YOU KNOW YOU’RE GETTING OLD WHEN…..

You Know You’re Getting Old When…..
People are constantly putting a mirror under your nose while you nap, to see if you’re still breathing.
You had to get rid of your dog because he kept trying to drag you to the yard to bury you.
Your ears are hairier than your head.
You get to work before you discover that you forgot to get dressed.
Tightening your belt becomes uncomfortable under your armpits.
Your spare tire is larger than your car’s.
Going bra-less pulls all the wrinkles out of your face.
Your friends compliment you on your alligator shoes, and you’re barefoot.
You are abducted by aliens, but immediately returned in favor of a living specimen.
Your top three pastimes involve sleep.
You are declined as an organ donor – you’re told they’re not sure if your organs are functional.
Most of your sentences begin with “When I was your age…”
You can’t go anywhere without knowing where the bathroom is.
You and your teeth don’t sleep together.
Your back goes out more than you do.
Everything hurts, and what doesn’t hurt, doesn’t work.

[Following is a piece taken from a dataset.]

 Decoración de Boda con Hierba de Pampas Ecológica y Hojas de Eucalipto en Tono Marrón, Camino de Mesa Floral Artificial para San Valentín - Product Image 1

A passing funeral procession stops to see if you need a lift.
Your bifocals need bifocals.
Everyone is happy to give you a ride because they don’t want you behind the wheel.
The fire department is requested to attend your birthday party in case the candles on your cake get out of hand.
The dictionary adds your picture under the definition of “octogenarian”

(unknown author)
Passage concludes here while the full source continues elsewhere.